From: Paolo Bonzini <pbonzini@redhat.com>
To: Sean Christopherson <seanjc@google.com>
Cc: David Matlack <dmatlack@google.com>,
Vipin Sharma <vipinsh@google.com>,
kvm@vger.kernel.org, linux-kernel@vger.kernel.org
Subject: Re: [PATCH] KVM: x86/mmu: Make page tables for eager page splitting NUMA aware
Date: Wed, 3 Aug 2022 17:08:25 +0200 [thread overview]
Message-ID: <cedcced0-b92c-07bd-ef2b-272ae58fdf40@redhat.com> (raw)

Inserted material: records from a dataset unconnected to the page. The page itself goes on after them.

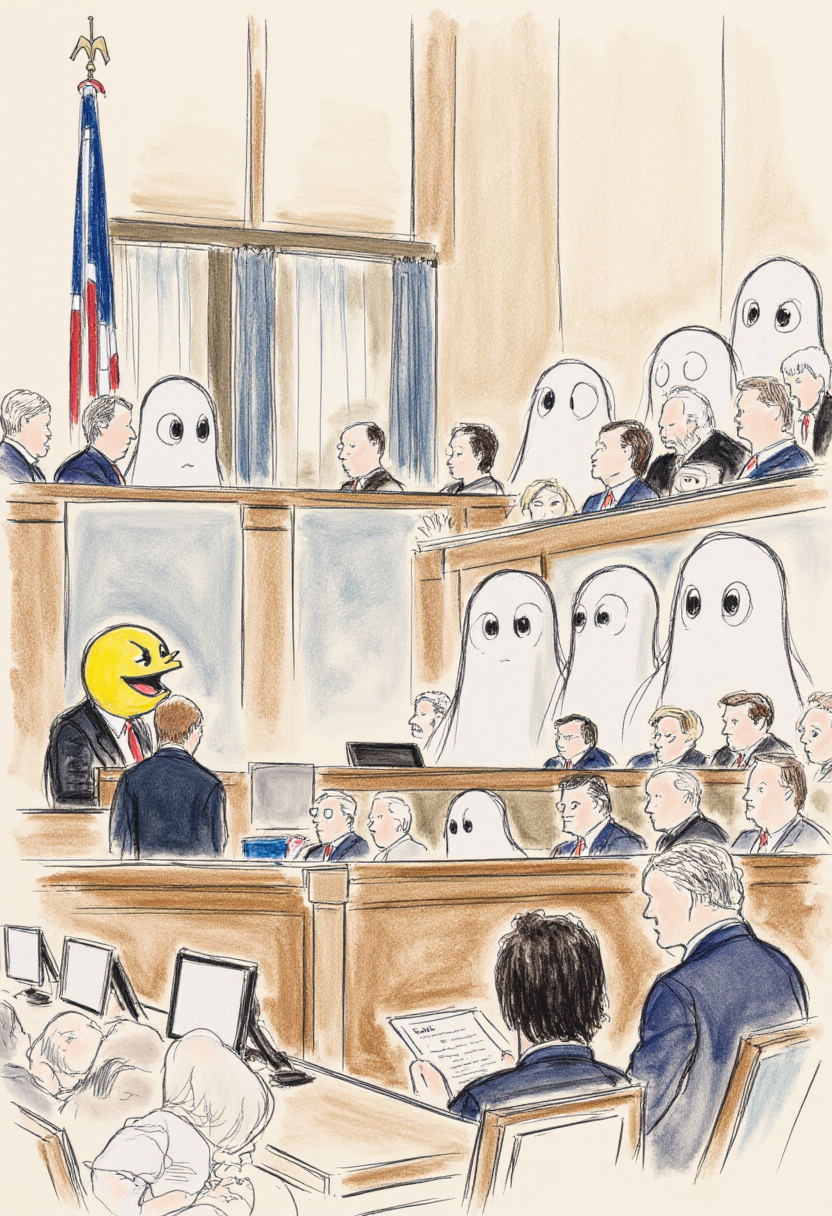 <lora:Courtroom_Sketch_Style_FLUX-000013:0.8>
This is a detailed, hand-drawn courtroom scene in a sketchy, watercolor style depicting Pac-Man on trial, with a jury consisting of entirely ghosts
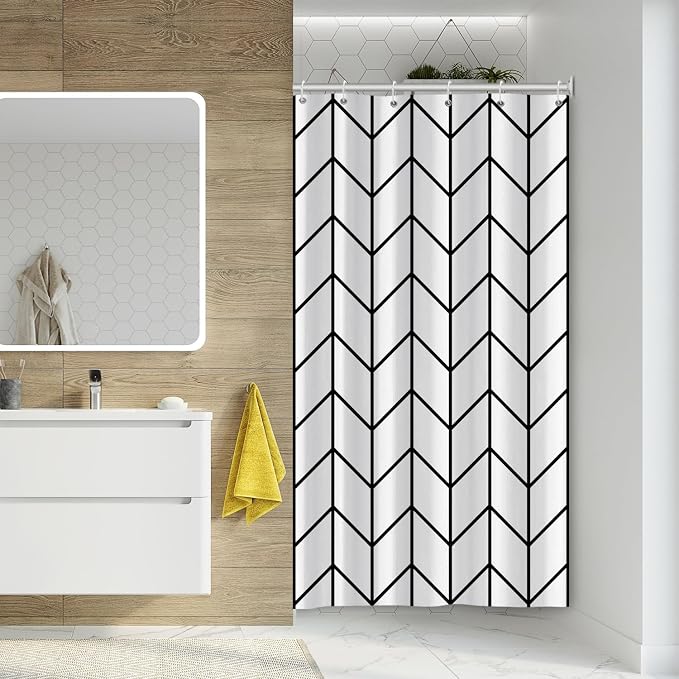 Boho Herringbone Shower Curtains Black White Zig Zag Geometric Bathroom Curtain Minimalist Abstract Polyester Shower Curtain Sets for Bathroom Extra Long 54x72 in with 10 Hooks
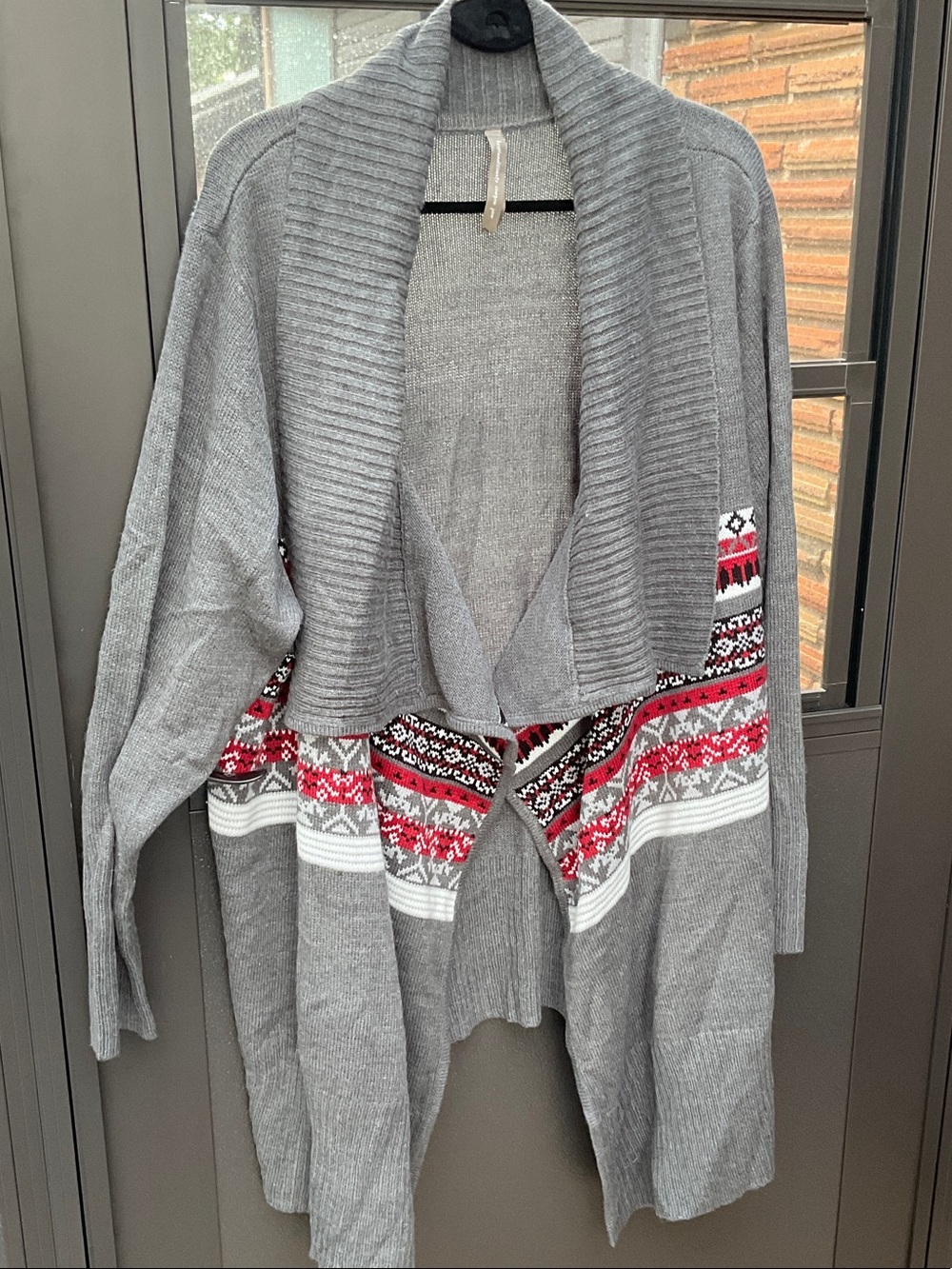 Penningtons Gray Open-Front Cardigan with Red & White Fair Isle Trim
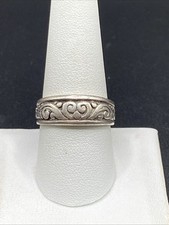 TMA Sterling Silver Scroll Band Ring - Size 9 1/2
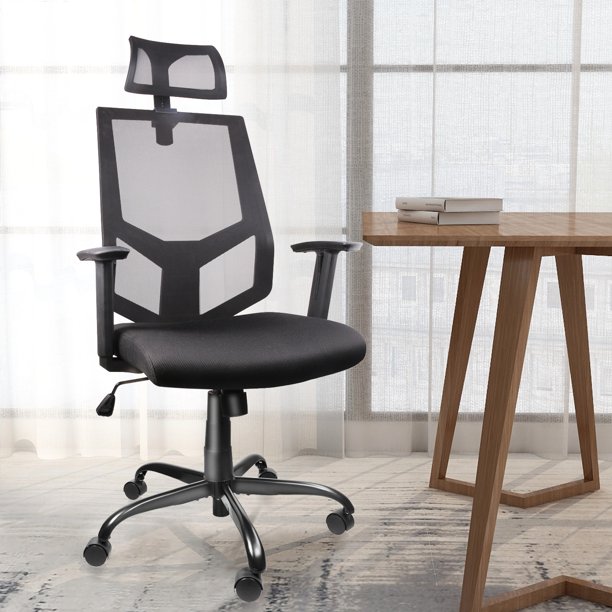 Ergonomic Office Chair Adjustable Headrest Mesh Office Chair Black Walmart Com Walmart Com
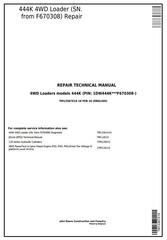 TM13367X19 - John Deere 444K 4WD Loader (SN. from F670308) Service Repair Technical Manual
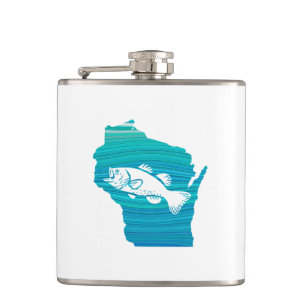 Wisconsin Wave Fishing Hip Flask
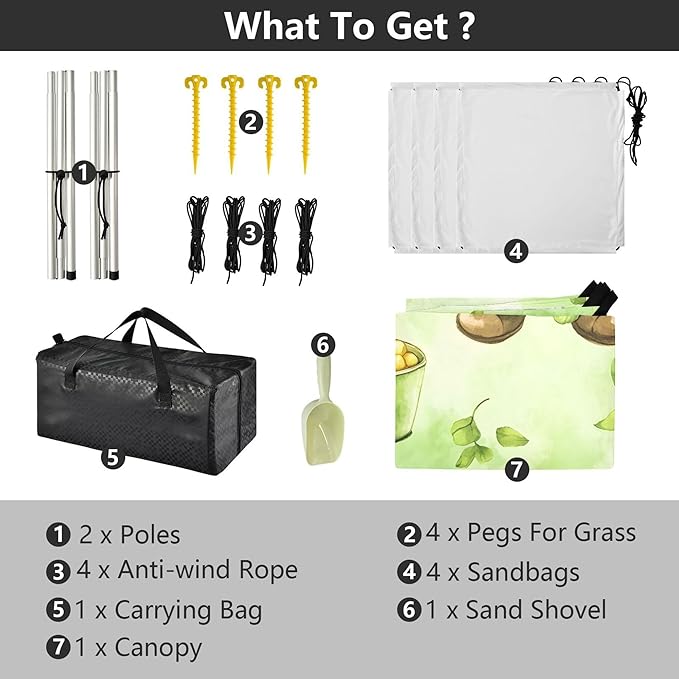 St. Patrick's Day Beach Canopy Sun Shelter with Sandbags &amp Sand Shovel &amp Windproof Ropes - Portable 110x126 Beach Shade Beach Tent for Camping Picnics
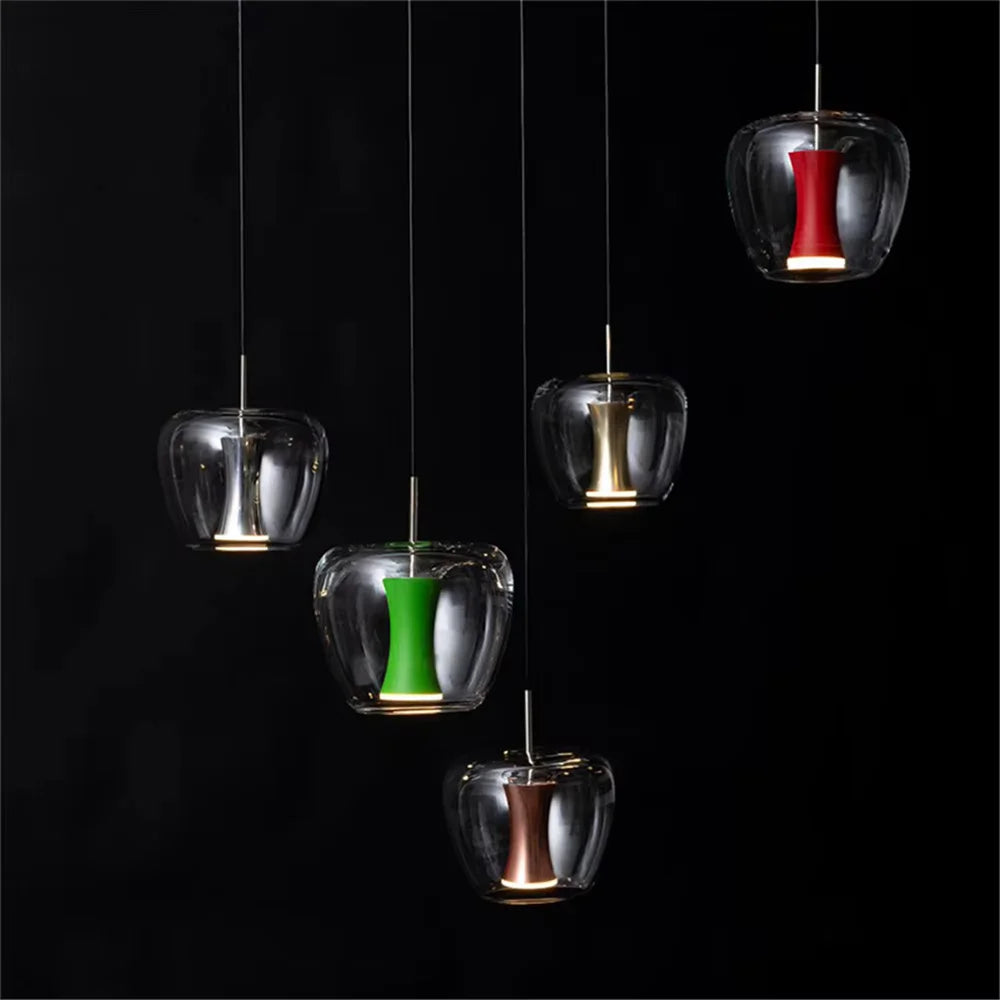 suspension led en verre transparent au design moderne pour décoration intérieure - vue 4 sur 10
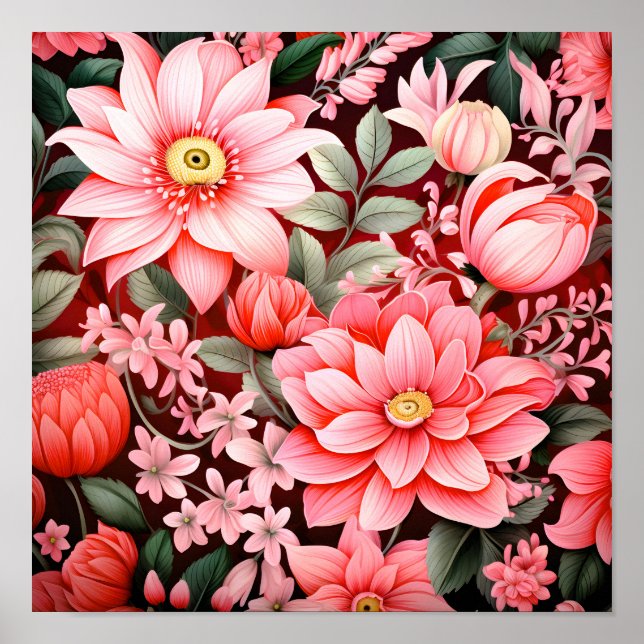 Poster Jardim de Flores Botânicas Antigas em Flor (Frente)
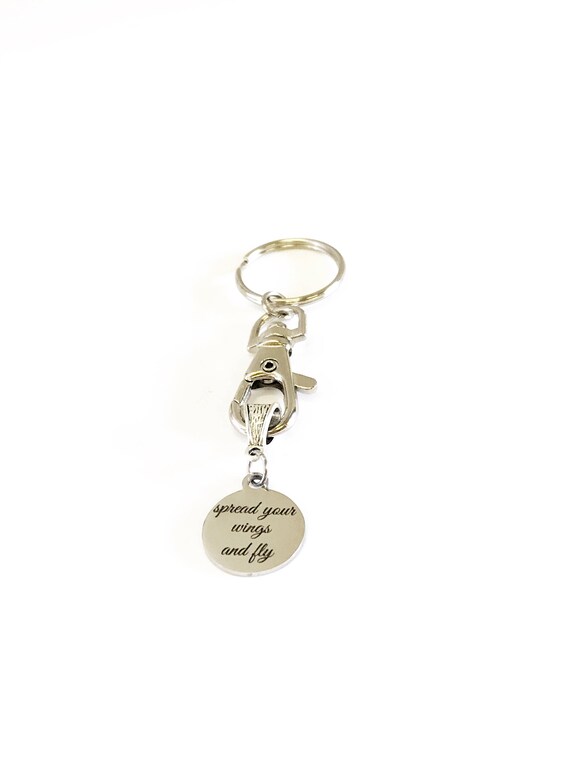 Spread Your Wings And Fly Motivational Keychain, New Job Gift For Her, Inspirational Gift, Encouragement Gift For Daughter, MLM Team Gift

In-Reply-To: <Yul3A4CmaAHMui2Z@google.com>
On 8/2/22 21:12, Sean Christopherson wrote:
> Ah crud, I misread the patch. I was thinking tdp_mmu_spte_to_nid() was getting
> the node for the existing shadow page, but it's actually getting the node for the
> underlying physical huge page.
>
> That means this patch is broken now that KVM doesn't require a "struct page" to
> create huge SPTEs (commit a8ac499bb6ab ("KVM: x86/mmu: Don't require refcounted
> "struct page" to create huge SPTEs"). I.e. this will explode as pfn_to_page()
> may return garbage.
>
> return page_to_nid(pfn_to_page(spte_to_pfn(spte)));
I was about to say that yesterday. However my knowledge of struct page
things has been proved to be spotty enough, that I wasn't 100% sure of
that. But yeah, with a fresh mind it's quite obvious that anything that
goes through hva_to_pfn_remap and similar paths will fail.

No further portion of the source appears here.